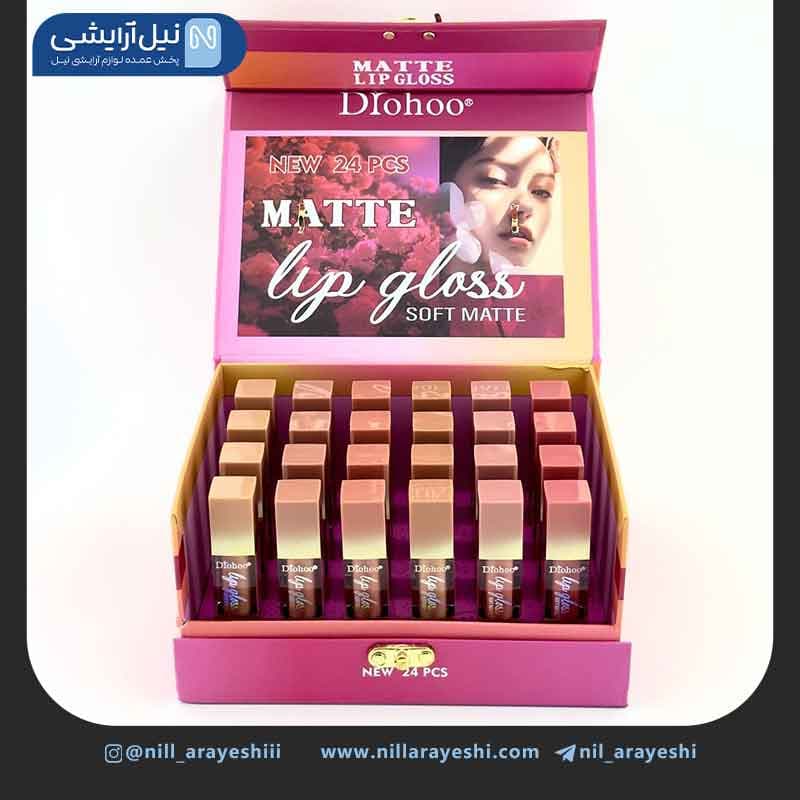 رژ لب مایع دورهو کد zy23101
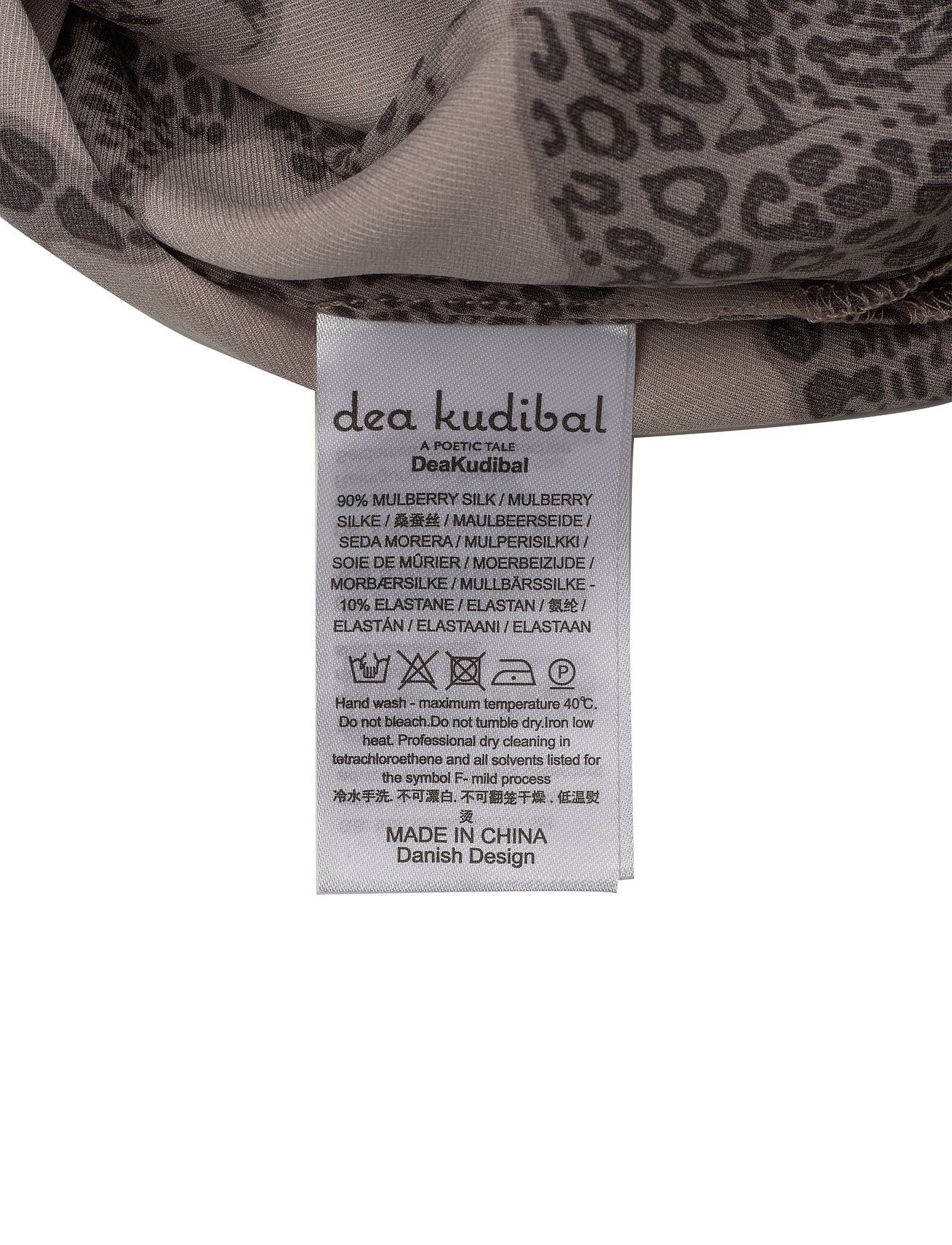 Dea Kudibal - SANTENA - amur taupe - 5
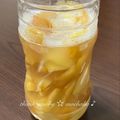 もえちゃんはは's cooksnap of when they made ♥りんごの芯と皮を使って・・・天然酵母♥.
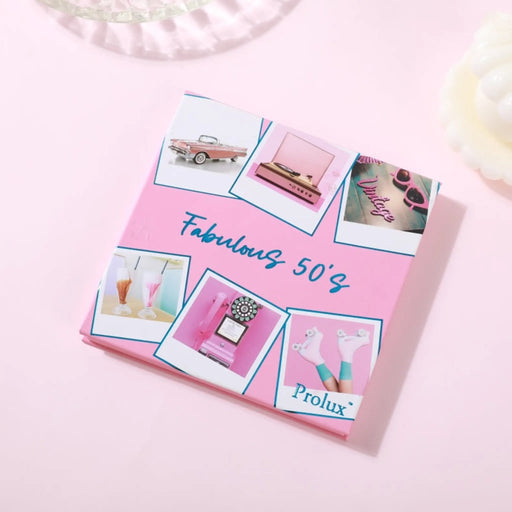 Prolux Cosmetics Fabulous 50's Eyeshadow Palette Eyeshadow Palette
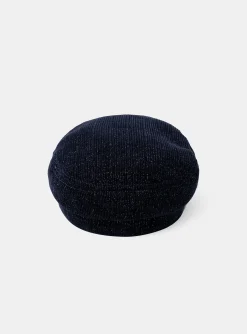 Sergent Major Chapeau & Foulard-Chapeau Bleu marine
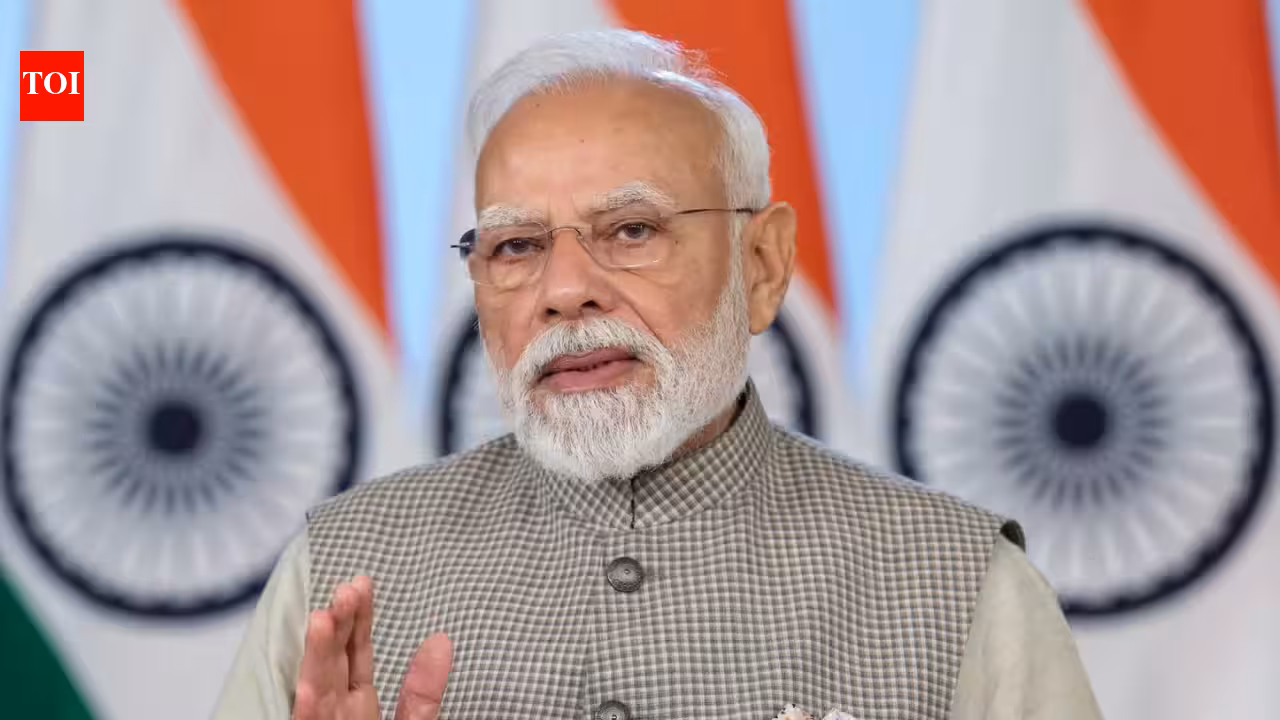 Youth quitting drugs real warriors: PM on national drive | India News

...

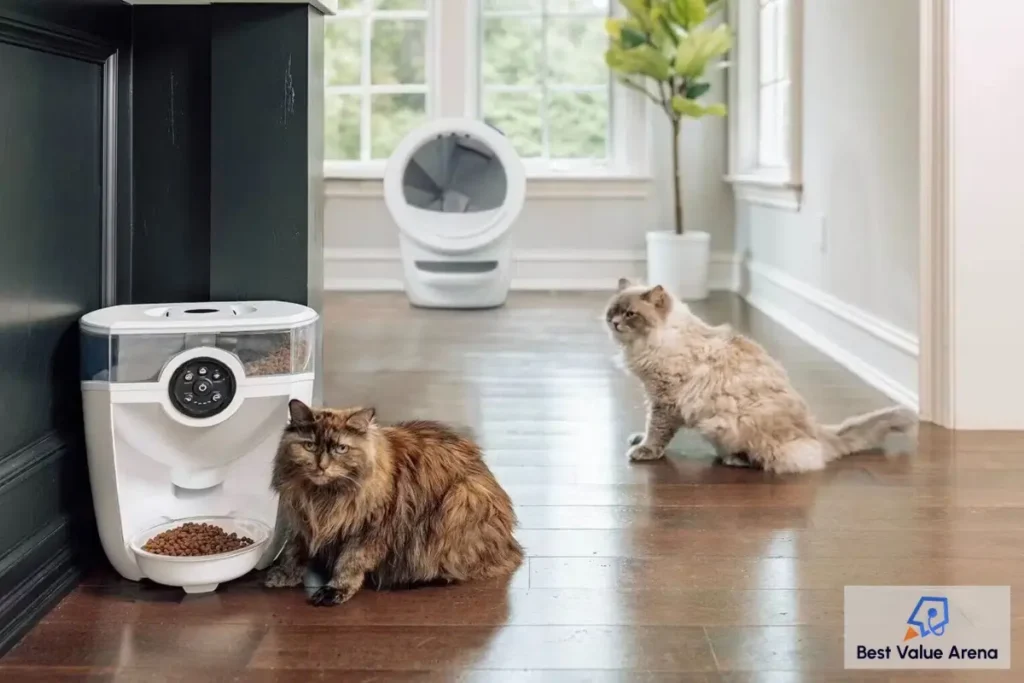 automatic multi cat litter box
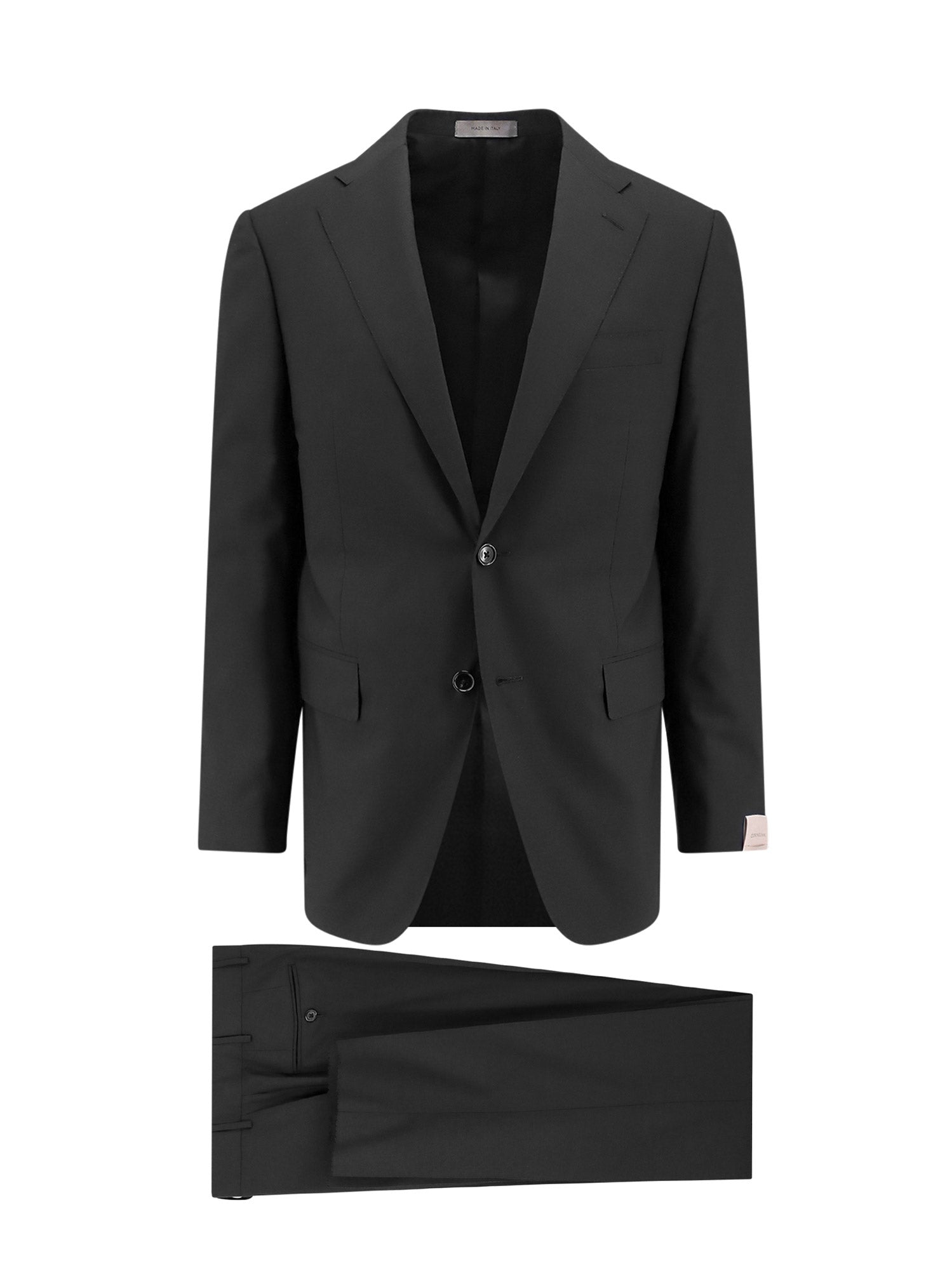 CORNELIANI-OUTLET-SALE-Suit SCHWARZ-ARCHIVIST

** Exercise **
Take the entries above and copy exactly the lines starting at the one with "رژ لب مایع دورهو کد zy23101" and ending at the one with "Youth quitting drugs"; nothing outside that span, and no pictures.

** Result **
 رژ لب مایع دورهو کد zy23101
 Dea Kudibal - SANTENA - amur taupe - 5
 もえちゃんはは's cooksnap of when they made ♥りんごの芯と皮を使って・・・天然酵母♥.
 Prolux Cosmetics Fabulous 50's Eyeshadow Palette Eyeshadow Palette
 Sergent Major Chapeau & Foulard-Chapeau Bleu marine
 Youth quitting drugs real warriors: PM on national drive | India News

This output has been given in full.